# Filling in the Gaps

A few questions were left somewhat unanswered in the lesson:

* Why does `print(bytes([10, 100, 200])) -> b'\nd\xc8'` looks so odd? 
    * What's with the `\n`? 
    * What's with the `\x`? 
    * Are the `c` and the `8` related to the `\x`?
    * Is `d` related to either `\n`, `\x`, or neither?
* How should we interpret these exotic byte literals when you encounter one _in the wild_?
* How does the magical `int.from_bytes` function work?
* How does its inverse function `int.to_bytes` work?

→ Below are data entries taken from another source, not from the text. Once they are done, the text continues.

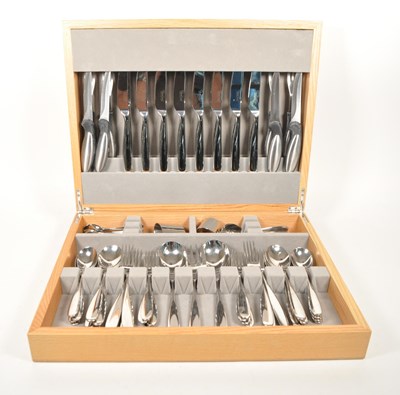 Lot 487 - ROBERT WELCH - LATE 20TH CENTURY STAINLESS STEEL CANTEEN OF CUTLERY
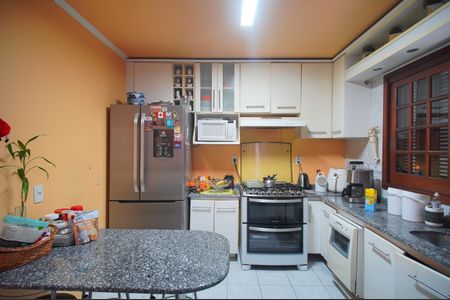 Casa à venda com 350m², 2 quartos e 5 vagasCozinha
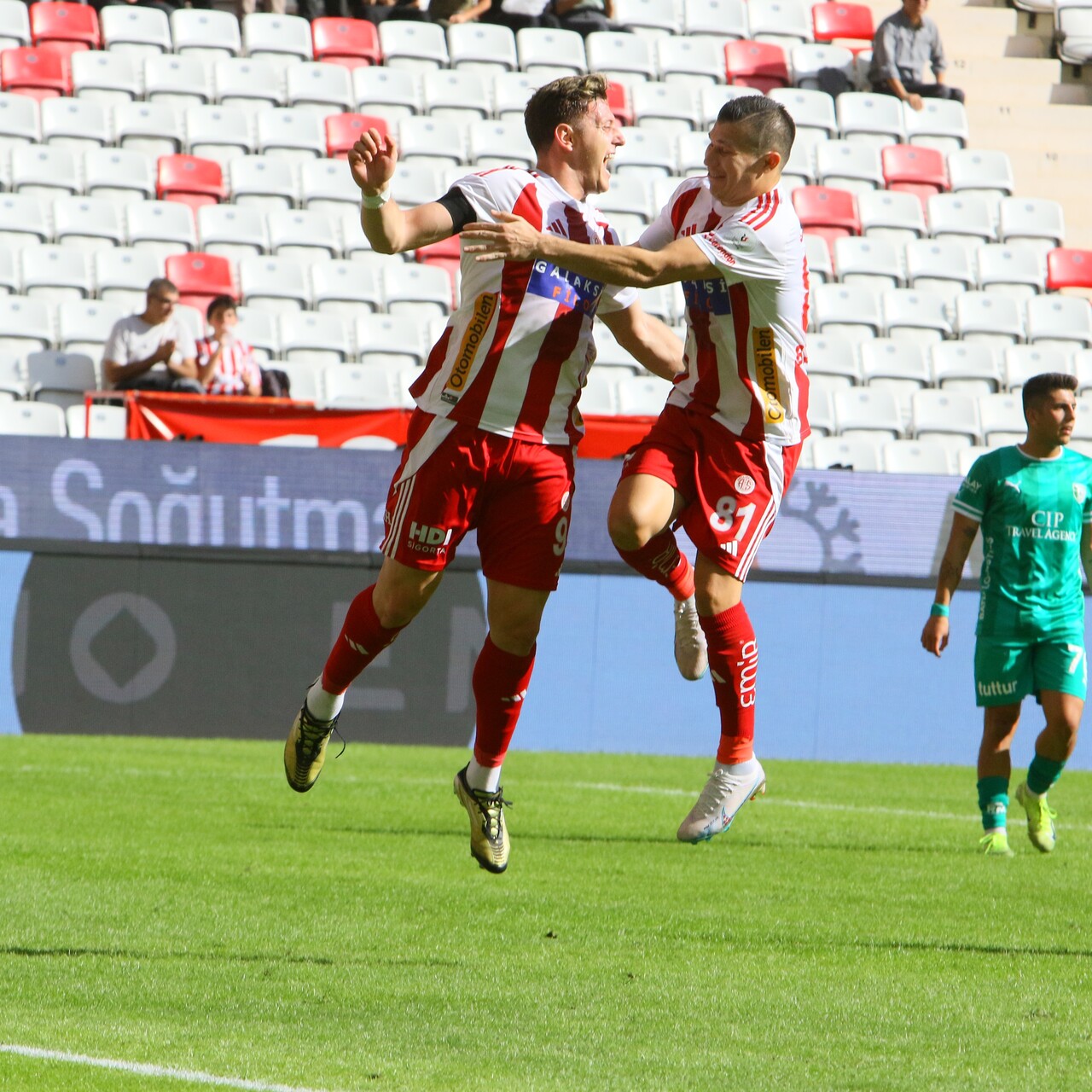 Antalya, Bodrum'u 3 golle geçti!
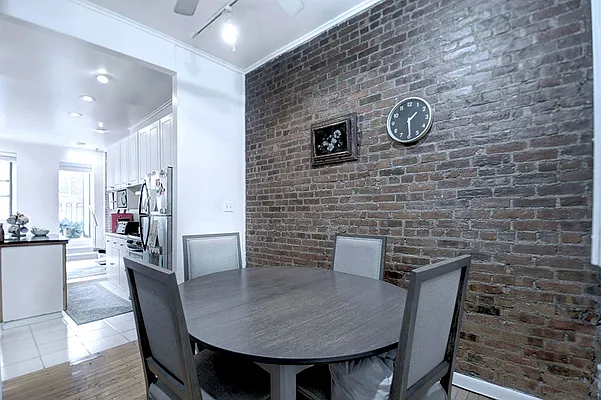 Rented by Urbane Brokerage | media 33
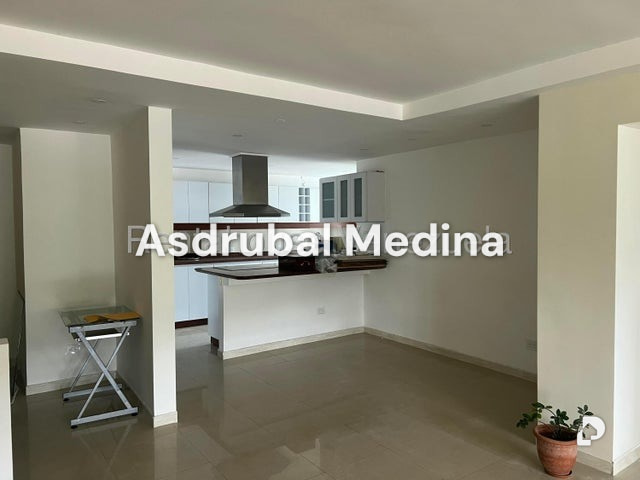 Apartamento en El Cigarral, Caracas – 3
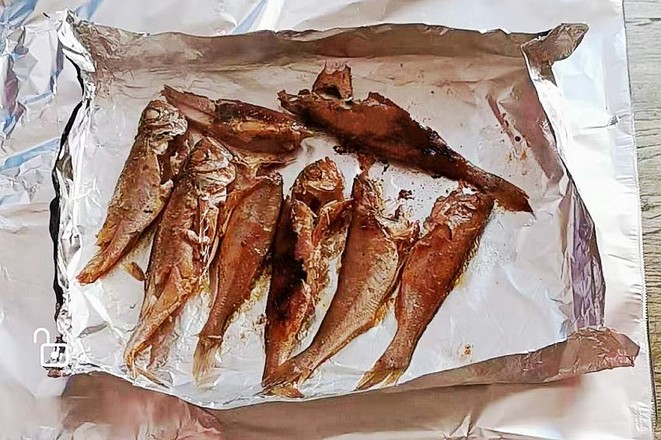 香煎小黃花魚(yú)的做法-香辣味煎菜譜-易網(wǎng)健康養(yǎng)生網(wǎng) 香煎小黃花魚(yú)的做法-香辣味煎菜譜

To answer these questions we will make a `bites` class that acts just like `bytes`, but with a few minor differences: 
* Prints itself with strings instead of the special `bytes` literals and spaces (`"00 ff"`) instead of `\x` separators.
* Will duplicate the functionality of the magical `int.from_bytes` and `int.to_bytes` methods by implementing its `bites.from_int` and `bites.to_int` methods.

Here's a skeleton of the class:

In [None]:
class bites:
    
    def __init__(self, values):
        self.values = values
        
    def __repr__(self):
        pass
    
    def to_int(self, byte_order):
        pass
    
    @classmethod
    def from_int(cls, n, length, byte_order):
        pass    

# Implementing `bites.from_int` in 5 Steps

A "byte" is a value `x` such that `0 <= x < 256`.

Simple.

How can we represent a number 256 or higher as a series of bytes? Hmm ...

Let's think about how we solve this with our normal decimal numbers. Instead of 256 separate values or "places", we only have 10 places with values `y` such that `0 <= y < 9`.

What happens when we encounter a number outside this range? Say the number after 9 -- `9 + 1`? We no longer have a "numberal" or number symbol to represent this number. We could invent one of course, but quickly becomes unworkable due to the memorization demands.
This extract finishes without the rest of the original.